新たなダンスツールの誕生か?! 振動で音取りをする”Sync-pulse”

Sync-pulse ダンス

振動が新たなダンスシーンを生み出す?! 音が聞こえなくてもダンスができる”Sync-pulse”とは?

日本電信電話株式会社(以下、NTT)は、2018年4月28日(土)、29日(日)に、幕張メッセで開催された”ニコニコ超会議2018“に、NTTブース「NTT 超未来大都会-NTT Ultra Future Peta City」を出展した。

4月28日・29日の両日、ステージ・スタジオゾーンでは、最先端技術を使って、ライブ、ダンス、ゲーム実況などの多彩なステージイベントを実施。
4月29日には、でんでんステージにて”超触覚変換「ハプティックで伝達しまSHOW」“が開催され、「Sync-pulse 振動で踊ってみた」のプロジェクト紹介が行われた。
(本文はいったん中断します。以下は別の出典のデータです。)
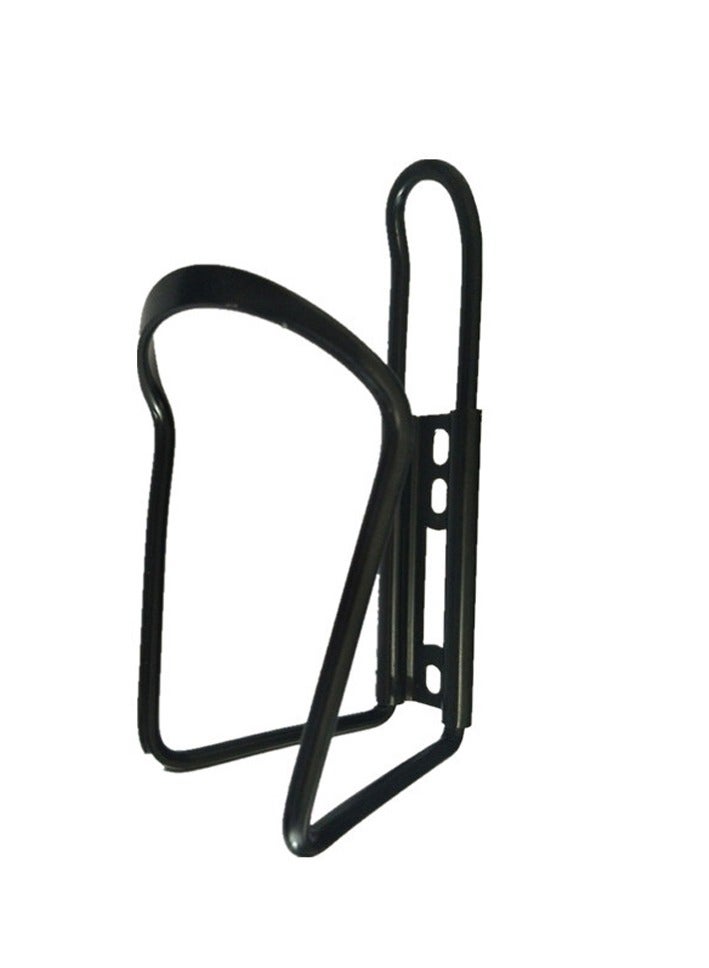 Generic 2 Pcs Bicycle Water Bottle Cage Bike Universal Water Bottle Holder  - Image 2
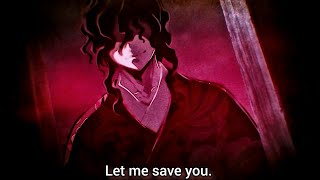 Muzan saved Hantengu. Hantengu Backstory. Demon Slayer Season 3 Episode 11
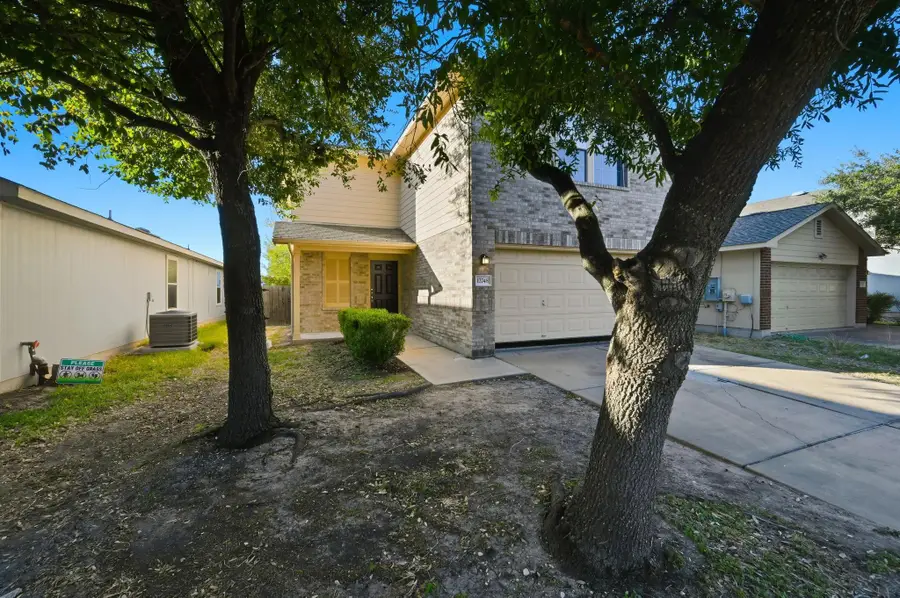 12748 Saint Mary Dr, Manor, TX 78653 - Image #2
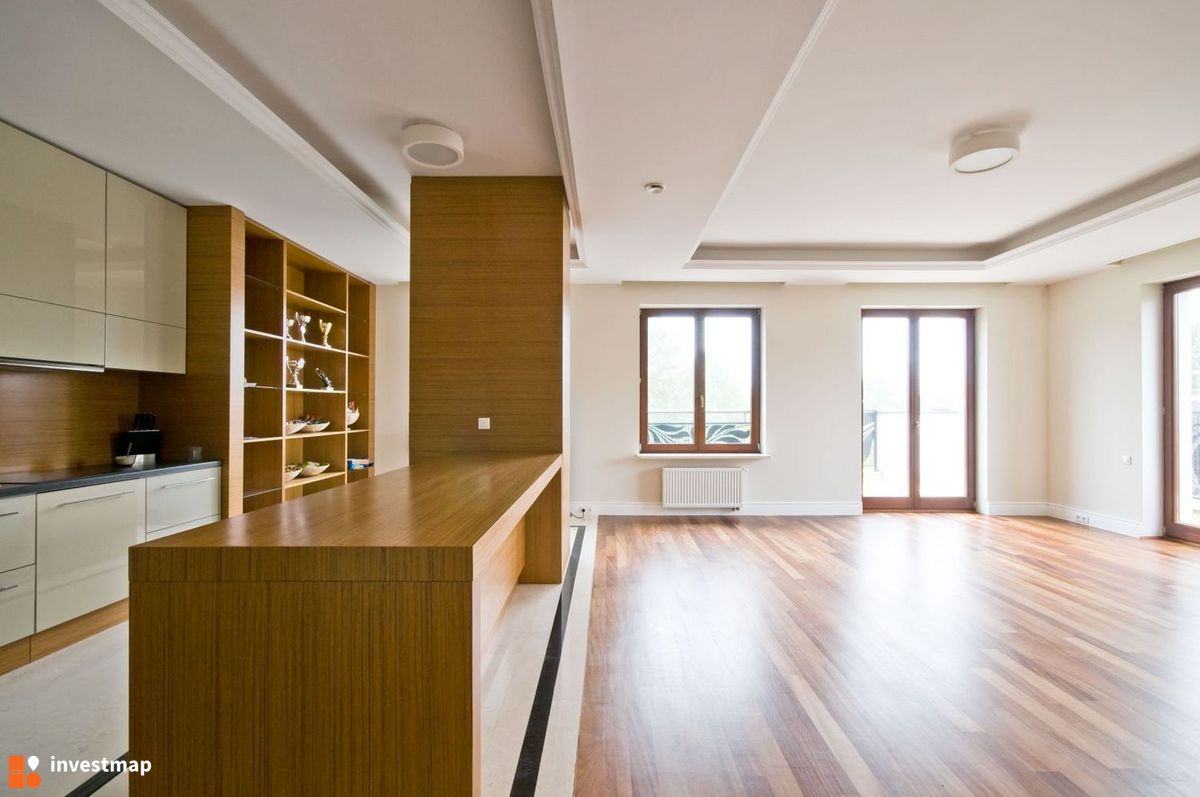 Wizualizacja Prestige Residence dodał Wojciech Jenda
渡邊淳司(NTT コミュニケーション科学基礎研究所)氏がプロジェクトの説明を行い、実際にどのような形でダンスに繋がるのかということを、耳の聞こえないダンサー(Deaf Dancer)の鹿子澤拳が装置を着用してダンスパフォーマンスを披露するという形で進んだ本イベント。

ユースタではその模様をレポートで紹介!!


Sync-pulseってそもそもなに??

レポートに入る前に今回のプロジェクトである”Sync-pulse”について紹介しよう。

 

Sync-pulseは「同期する」の「Sync」と、(踊りたい)「衝動」という意味の「Pulse」を合わせて作られたプロジェクト名。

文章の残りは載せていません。